Its been a hell of a time. Horrible in so many ways to even attempt to recount it. But we all know all of it quite well I'm afraid. And I haven't seen any live ballet. Nobody has, or course. I can't stand online viewing. For anything, particularly for book reading, ballet performances or even films-(I'm a hardcore cinema fan, and even that has been greatly diminished lately). Anyhow...if there's any consolation to my lack of traveling and live performances viewing, it is that I reverted to literally eating books. Devouring them at light speed. And some ballet books have made it into my bookathon.

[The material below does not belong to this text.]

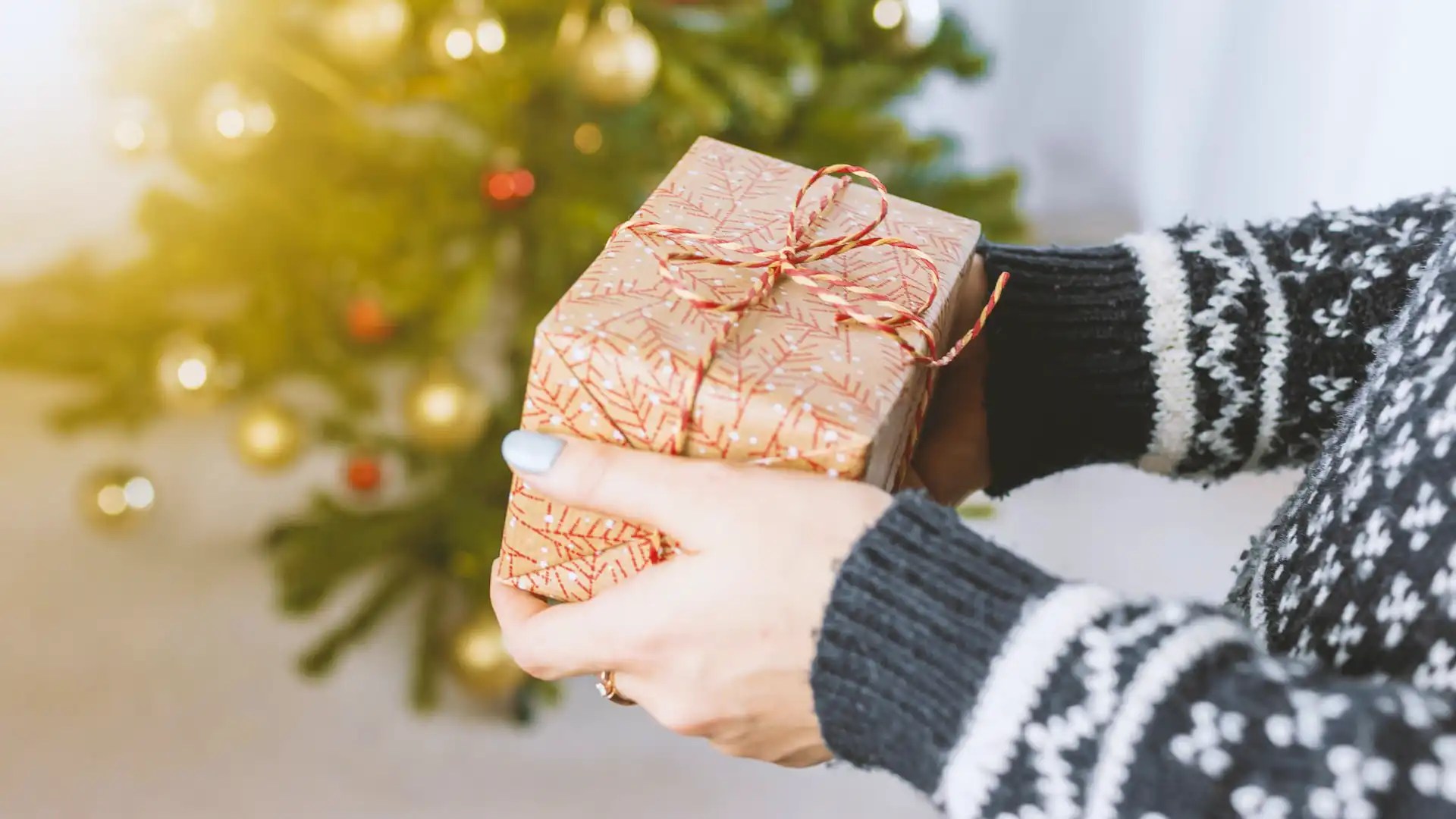 11 Holiday Gift Exchange Theme Ideas for Festive Fun BlissLights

"The Legat Legacy" is one of them. The book is comprised of Nikolai Gustavovitch Legat's own memoires translated for the first time from Russian to English in 1936 by Sir Paul Dukes, and here subsequently re edited by Mindy Aloff with the wonderful addition of the words of our own RG, Mr Robert Greskovic, which in his great Introduction gives us a masterly summarization of the life and immense influence on the art of teaching of the late ballet pedagogue, along with corrections on some mistakes from both the original Russian text and Dukes' translation.
Legat's thinking is basically that of his immense respect and utterly admiration to his own teachers, Johannsen and Cecchetti, but particularly Johannsen, whom he considered the base and center of everything the world knows today as the Russian ballet school. Then there's also a wonderful account on Legat's own father-(a great dancer himself)- and a few, sad words on his prematurely departed brother...although he doesn't dwell on the issue of his suicide. We are given spicy, colorful descriptions of celebrated classmates. The famous/infamous ballerinas of the Imperial stage are all in there...with special warm words to two opposites: Kshessinskaya and Pavlova. the former one for her unparalleled technique-(only matched by her Italian rivals)- and mutual onstage empathy, and the second one for her uniqueness, warmth and purity in which she conducted their loved artform. Both of them cherished by Legat as true friends.
Later on there are accounts from some of his most distinguished pupils, telling us about the uniqueness of his method. The way some of them refer to the mystique and mystery of his communication codes-(not understood by many, but like a wonderful Pandora's box wide open once someone was able to grasp it)- quite reminded me at how some Balanchine's alumni speak similarly about his classes. If anything...everyone seems to agree on the fact that his classes were not for everyone, but rather to perfect the finesse of the already accomplished dancer. Hence the name..."Class of Perfection", which he initiated in Petersburg and continued in London.
I enjoyed tremendously the book. The words of those who "got" his teaching speak of an unmatched, witty class genius, and one that England didn't really know how to handle-(Dame deValois wasn't too kind of the man, although she admitted he was s genius).
If you haven't read it...do so. Highly recommended.